A red certificate will certify the property has met the minimum security requirements of the CFMH program. The minimum security requirements for multi-family housing are:
- One-inch throw on the deadbolt
- 180 eye viewer in door
- Three inch screws in the door jambs
- Secondary locks on windows
- Criminal History check on applicants
- Addresses posted on each mobile home
- Criminal History check on applicants
- C.P.T.E.D requirements of lighting and appearance
Phase 3: Safety Social
In the third and final phase of the program, the sponsoring law enforcement agency will conduct a “Safety Social” for residents at the rental property. This will include information about general safety principles and crime prevention, including Block Watch information. This will also give law enforcement the opportunity to explain the CFMH program to the residents of the rental community.
Management is responsible for providing food, non-alcoholic drinks and entertainment for this event. It is also recommended that property managers raffle door prizes as an added incentive to draw residents to the meeting. It is necessary to conduct at least one (1) meeting per year to maintain membership in the CFMH program.

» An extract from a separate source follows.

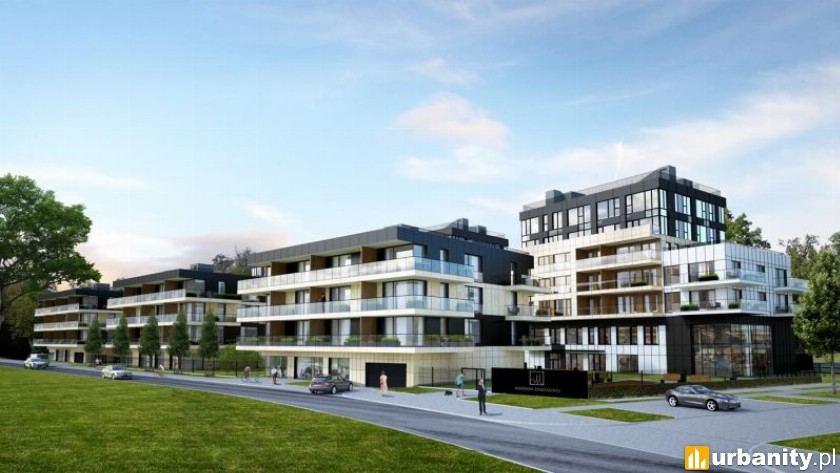 Miniaturka Madison Apartments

A blue certificate will be issued at the safety social to demonstrate to the residents that management is committed and has completed all three phases of the program.
Once fully certified, the property manager will receive a gold certificate. This certificate is the only certificate that has an expiration date. It is renewed each year after the subsequent Safety Social has been conducted.
After completion of the first safety social, the management can post the CRIME FREE MULTI-HOUSING PROGRAM signs on the property. It is recommended that one sign be posted at each entrance to the property where prospective residents will see them.
There is a one-time registration fee of about $39.95 for each sign. The sign is the property of the sponsoring police agency, and permission to display the sign can be revoked if the property is sold or the management no longer wishes to participate in the CFMH program.
An added incentive to reach full certification is the use of the program logo in all appropriate advertisements, as well as on company letterheads, business cards and associated paperwork.
This logo has achieved a very high level of recognition in the United States and Canada. It has proven very effective in attracting hones residents looking for safe housing. It has worked equally well to discourage those looking for an apartment unit for conducting criminal activities.
Maintaining CFMH signs
It is the responsibility of the management to maintain and replace all lost or damaged signs. Contact the Crime Free Program Coordinator if this occurs. Carefully consider how each sign is installed to prevent easy removal. Through bolts can be bent or stripped to prevent removal. Signs can be attached at a height that can not be easily reached.